Saturday, August 6, 2011

What a relief!

     Yesterday was really tough for me, but maybe it was because I didn't spend any time in God's word. I suppose everyday I need to make sure what I take into my mind and spirit is healthy, just like I need to be careful what I eat and drink. I wouldn't expect to eat unhealthy foods and feel physically well, why do I think I can get by with junk food for my spirit? I need to not put so much of my attention on the headlines in our news reports and instead put more on my studying of scripture.
     On another thought, lately I've been dealing with confusion caused because I have been listening to a lot of different teachings and trying to assimilate them. This morning when I prayed I was shown John 3:8 "The wind blows where it wishes and you hear the sound of it but do not know where it comes from and where it is going, so is everyone who is born of the Spirit."
     The different teachings all have God manifesting in different ways in different lives, one is lifted in the air in front of their congregation, one has gold sprinkled on them in front of others, one is put into a trance and shown visions. I can list the things I understand about all of this pretty easily, compared to what I don't understand.
  1. I do understand these are men pressing into God, they are pursuing the Lord and His will,
  2. God has a unique relationship with each of them.
  3. I cannot duplicate their walk or their experiences with God.
     I have been taking a beating, self imposed, to try to be just like them.
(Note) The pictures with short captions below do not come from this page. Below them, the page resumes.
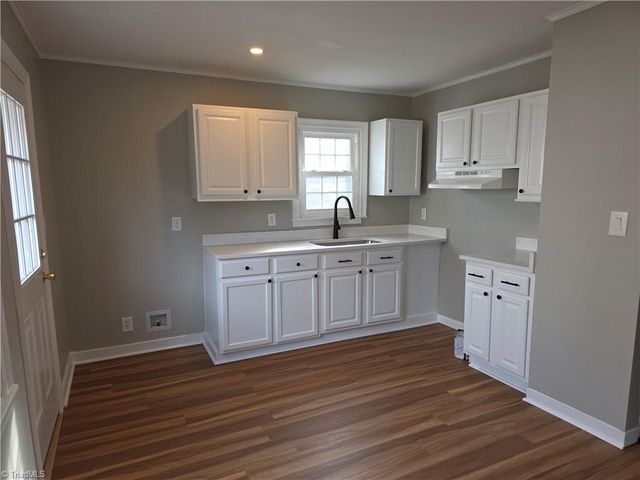 3311 Heitman Drive, Winston-salem, NC 27107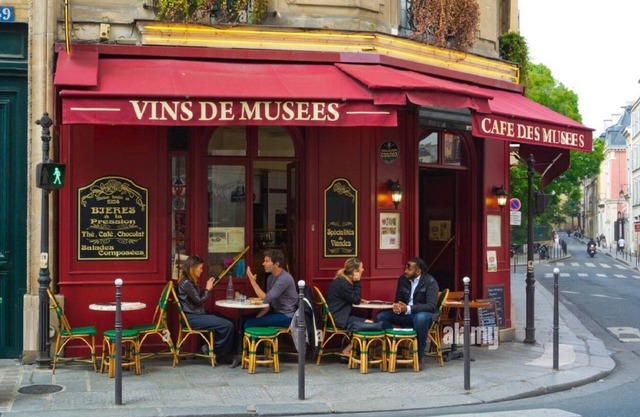 A MEMORABLE PARISIAN EXPERIENCE NEXT TO LE MARAIS - RUE ST SABIN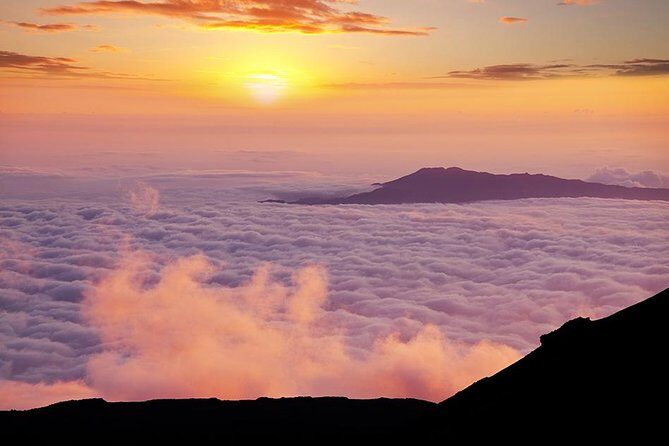 Haleakala Sunrise Tour with Breakfast and West Side Pickup - Weather and Packing Tips
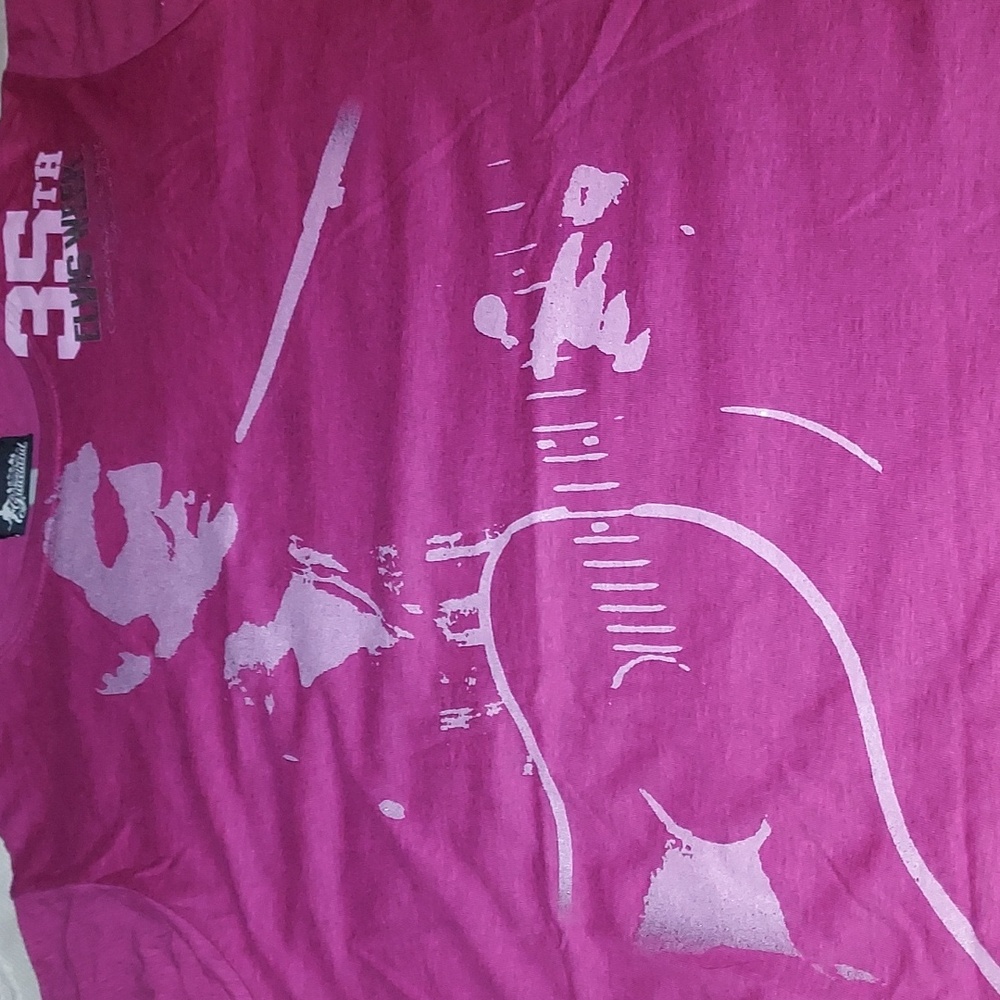 Graceland  Elvis 2012 35th Anniversary tee shirt NWOT - Picture 6 of 6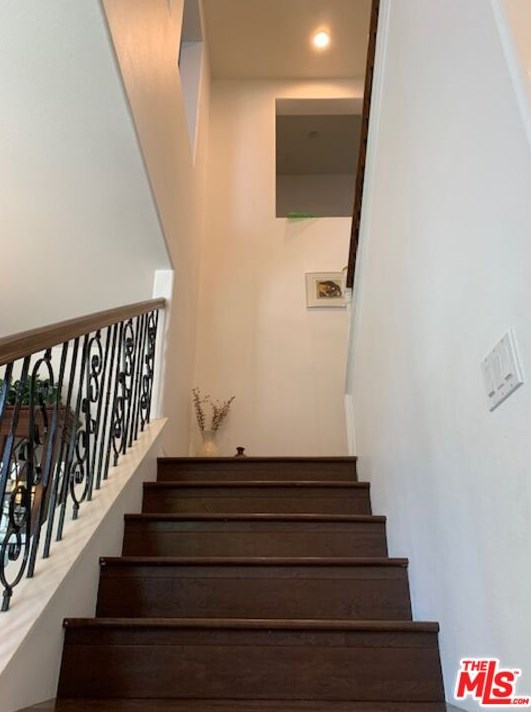 678 Milford St, Los Angeles CA  90042-2793 exterior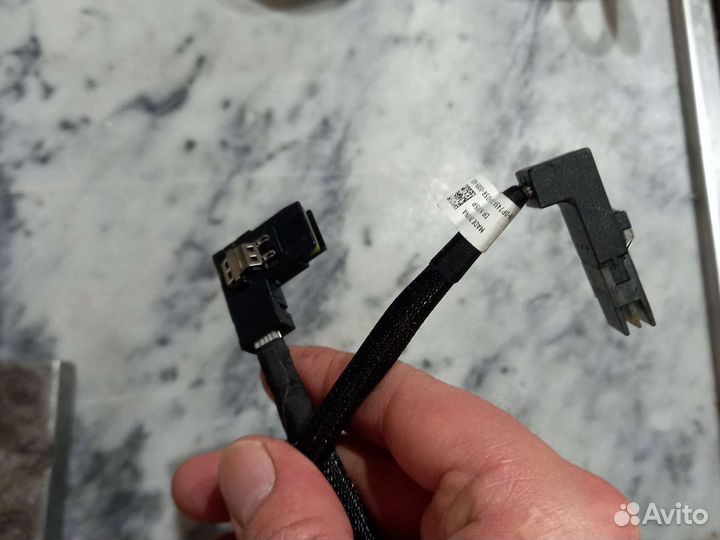 Dell 0P745P cable (12/14 DRV) SAS-B H700 R510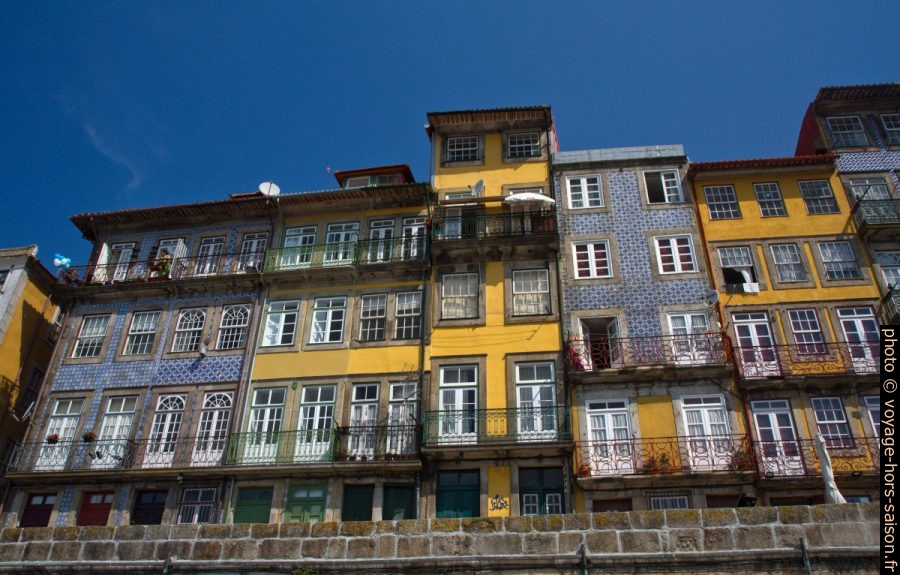 Maisons du Cais da Ribeira. Photo © Alex Medwedeff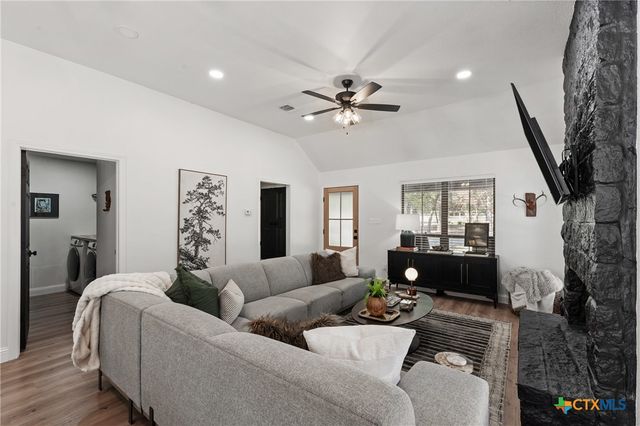 103 County Road 424b, Lorena, TX 76655
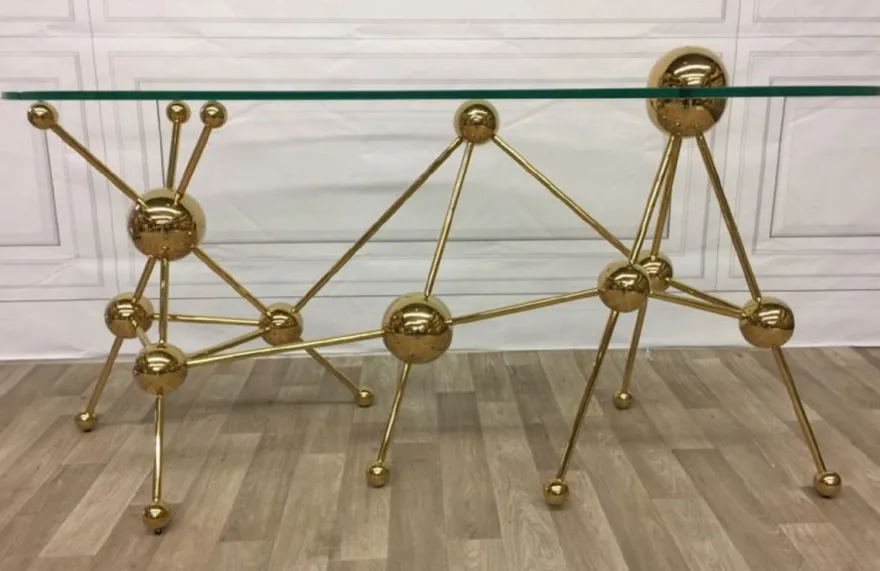 Casa Padrino Luxus Designer Schreibtisch Gold 160 x 75 x H. 77 cm - Metall Bürotisch mit gebogener Glasplatte - Computertisch - Luxus Designer Büro Möbel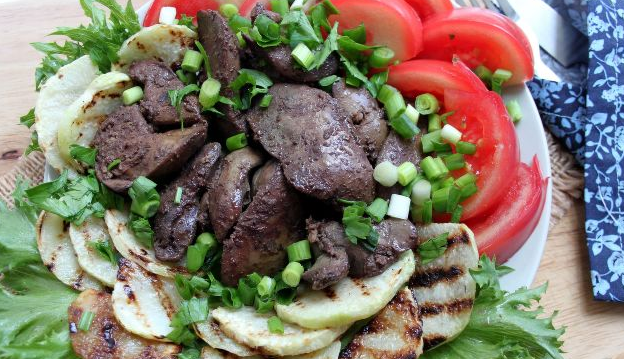 Warm salad with chicken liver and kohlrabi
I need to relax, pursue God with my *whole heart, spirit, mind and body and let "the wind blow where it wishes". What a relief!
*Matt 6:33-34

Soften, Harden

     I wish I could claim credit for this saying, but in truth it was on my little thoughts for the day page.

     "The same sun that melts the wax hardens the clay."
    
      I want to be the wax, that gives to the trials and trainings that the Lord brings into my life, unfortunately I still have a flesh side that hardens and resists. Thank You Lord for bringing me along to Your side one step at a time, as You know I'm able to stretch and grow and when You know I need to rest and give me time to stop and consider and then step closer still to You.

Wednesday, August 3, 2011

Psalm 1:1-3

How blessed is the man who does not walk in the counsel of the wicked,
Nor stand in the path of sinners,
Nor sit in the seat of scoffers!
But his delight is in the law of the LORD,
And in His law he meditates day and night.
He will be like a tree firmly planted by streams of water,
Which yields its fruit in its season
And its leaf does not wither;
And in whatever he does, he prospers.

Tuesday, August 2, 2011

Blog, Were they just fishermen? John 1

     We always hear that Jesus used "fishermen and tax collectors", right? Recently I've been reading in the book of John for my study time and I'm realizing they weren't just "fishermen", these were men that were searching for their "Messiah".
     John and Andrew were disciples of John the Baptist who was *"a voice of one crying in the wilderness, MAKE STRAIGHT THE WAY OF THE LORD", so they were already seeking. When Jesus came to be baptized by John the Baptist the two(John and Andrew) recognized and started following him. Next they told Simon(Peter) "we have found the Messiah", Simon Peter understood immediately who they had found, he didn't question them, he KNEW who and what they had all been searching for!
     If they were just fishermen for their self support, they were more, they were also men hungry in their spirits for God. They were not only searching for God, they were men ready to drop everything to follow where He would lead, they weren't just living day to day, catching fish, selling fish, catching more fish, selling more fish.
     I can relate to these men much more than the idea of "just fishermen", these men were like many people I know now, people searching for God, eagerly waiting, hungering, pressing in. He can use all of us, if we seek Him and if we're willing to turn and follow where He leads.